• _Exercise_
Using the listing below, copy exactly each line from the one that has "大学学校上课学生和同学看电脑交流讨论" through the one that has "Typical norwegian landscape with red house"; omit the pictures.
──────── Working data ────────
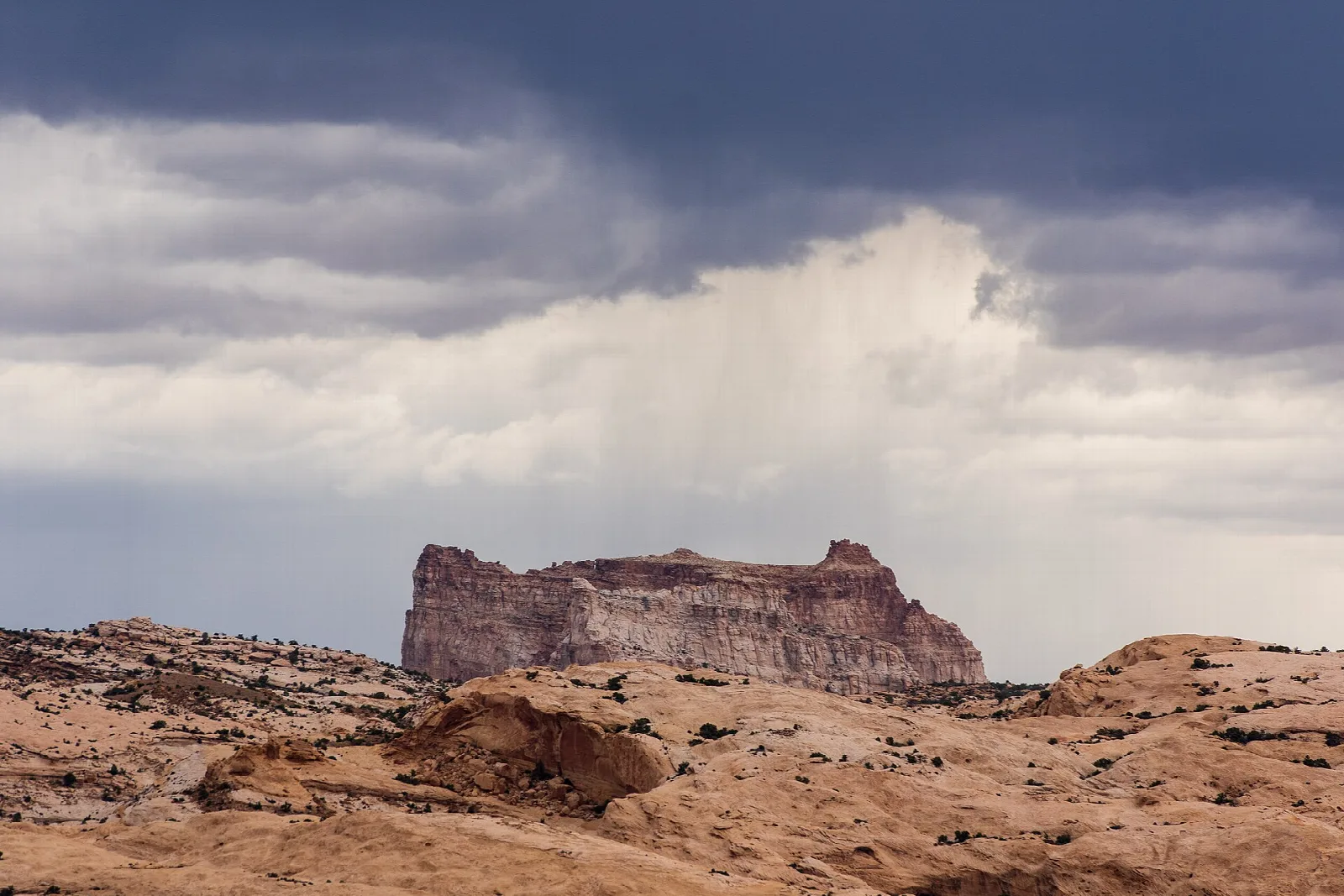 Distant flat-topped rock butte under a stormy sky with falling rain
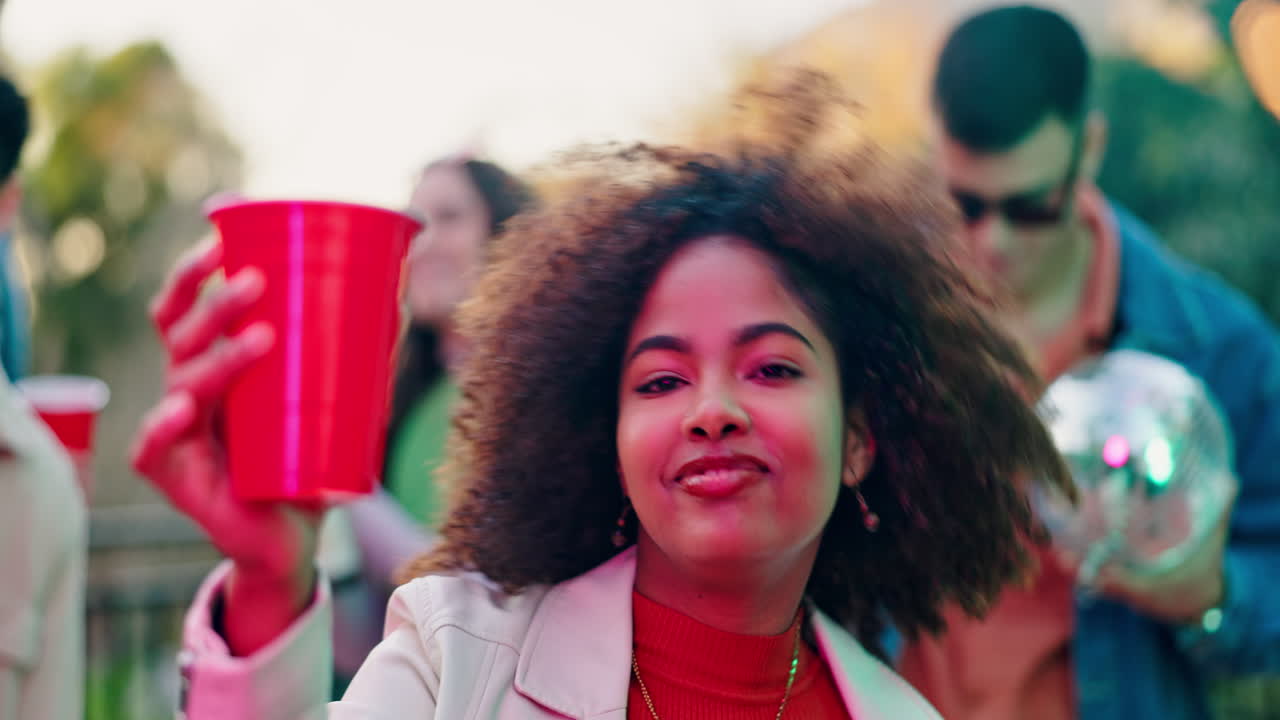 Friends Enjoying a Fun Party with Dancing and Red Cups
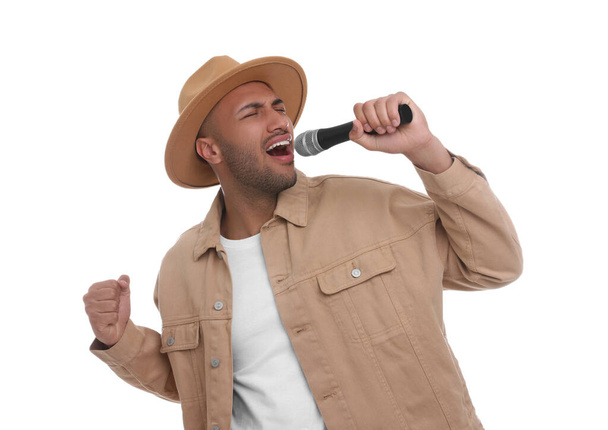 Handsome man with microphone singing on white background - Photo, Image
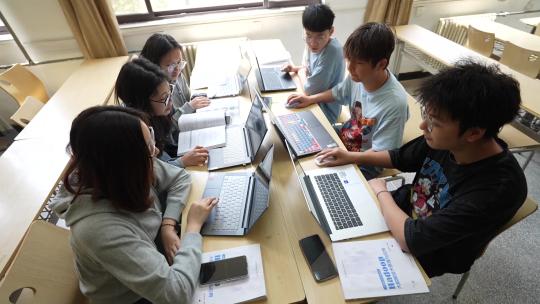大学学校上课学生和同学看电脑交流讨论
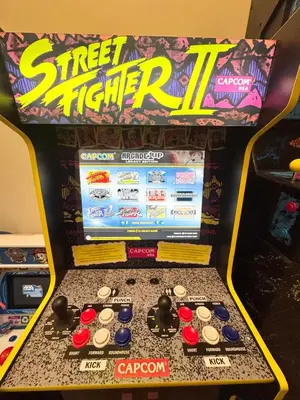 a street fighter ii arcade game in a store at 6 Bedroom Family Home with Indoor Arcade, BBQ, Huge Backyard & Pickleball in Vancouver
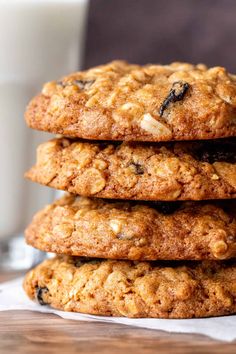 a stack of oatmeal cookies next to a glass of milk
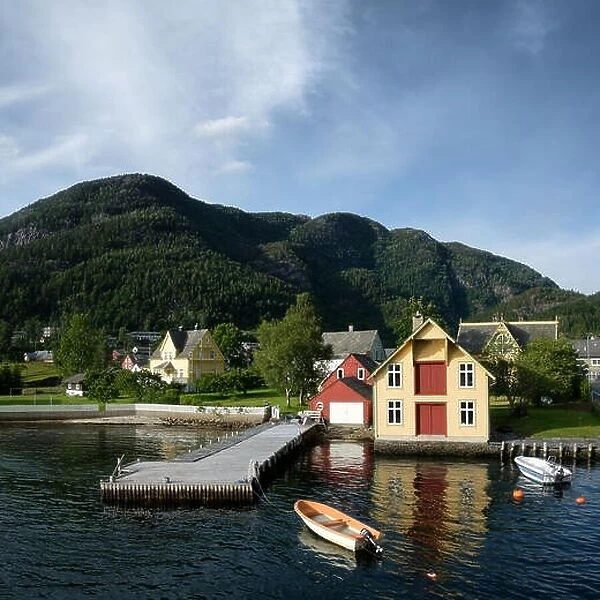 Typical norwegian landscape with red house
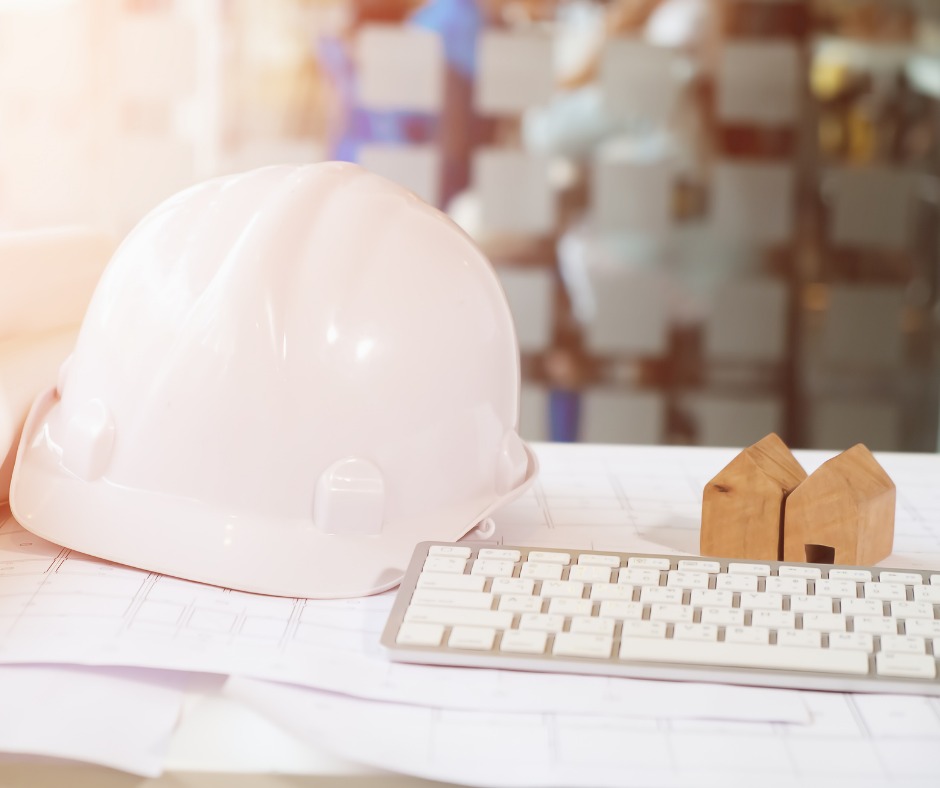 Biały kask ochronny, klawiatura i drewniane modele domów na stole z rozłożonymi planami budowlanymi, w tle rozmyta szklana ściana.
────────
• _Final answer_
大学学校上课学生和同学看电脑交流讨论
 a street fighter ii arcade game in a store at 6 Bedroom Family Home with Indoor Arcade, BBQ, Huge Backyard & Pickleball in Vancouver
 a stack of oatmeal cookies next to a glass of milk
 Typical norwegian landscape with red house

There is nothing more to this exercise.